Your assignment: Go through the entries below from the first line and transcribe each one exactly, ending with the line that contains "Red Ford Mustang".

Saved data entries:
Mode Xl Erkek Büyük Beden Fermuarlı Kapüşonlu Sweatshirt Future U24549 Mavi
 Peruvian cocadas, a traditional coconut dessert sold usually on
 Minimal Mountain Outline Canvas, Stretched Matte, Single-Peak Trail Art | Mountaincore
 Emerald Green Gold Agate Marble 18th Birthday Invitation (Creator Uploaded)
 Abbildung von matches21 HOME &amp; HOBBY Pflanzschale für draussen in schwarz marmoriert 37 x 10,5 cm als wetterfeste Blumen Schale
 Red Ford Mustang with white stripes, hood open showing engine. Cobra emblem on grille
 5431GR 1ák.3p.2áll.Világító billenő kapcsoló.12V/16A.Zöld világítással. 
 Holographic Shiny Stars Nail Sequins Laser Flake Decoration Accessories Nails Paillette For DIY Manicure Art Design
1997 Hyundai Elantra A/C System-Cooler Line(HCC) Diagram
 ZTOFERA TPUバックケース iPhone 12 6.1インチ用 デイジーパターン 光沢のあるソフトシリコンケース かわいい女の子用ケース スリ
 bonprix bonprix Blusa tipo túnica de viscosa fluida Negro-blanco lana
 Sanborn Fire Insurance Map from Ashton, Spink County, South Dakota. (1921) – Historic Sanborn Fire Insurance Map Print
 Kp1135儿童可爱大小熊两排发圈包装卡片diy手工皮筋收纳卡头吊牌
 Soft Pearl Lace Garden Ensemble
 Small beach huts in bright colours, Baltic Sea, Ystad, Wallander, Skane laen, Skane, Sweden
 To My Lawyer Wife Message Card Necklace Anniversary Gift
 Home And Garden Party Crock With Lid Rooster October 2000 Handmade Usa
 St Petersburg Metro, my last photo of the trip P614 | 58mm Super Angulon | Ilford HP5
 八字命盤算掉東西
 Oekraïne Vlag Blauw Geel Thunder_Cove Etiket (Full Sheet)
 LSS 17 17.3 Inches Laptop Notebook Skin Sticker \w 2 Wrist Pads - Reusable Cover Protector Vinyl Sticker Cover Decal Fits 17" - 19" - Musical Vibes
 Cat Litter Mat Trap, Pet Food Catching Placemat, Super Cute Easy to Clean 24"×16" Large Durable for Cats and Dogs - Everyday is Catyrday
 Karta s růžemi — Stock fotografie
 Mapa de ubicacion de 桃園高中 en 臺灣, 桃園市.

Reply to the task:
Mode Xl Erkek Büyük Beden Fermuarlı Kapüşonlu Sweatshirt Future U24549 Mavi
 Peruvian cocadas, a traditional coconut dessert sold usually on
 Minimal Mountain Outline Canvas, Stretched Matte, Single-Peak Trail Art | Mountaincore
 Emerald Green Gold Agate Marble 18th Birthday Invitation (Creator Uploaded)
 Abbildung von matches21 HOME &amp; HOBBY Pflanzschale für draussen in schwarz marmoriert 37 x 10,5 cm als wetterfeste Blumen Schale
 Red Ford Mustang with white stripes, hood open showing engine. Cobra emblem on grille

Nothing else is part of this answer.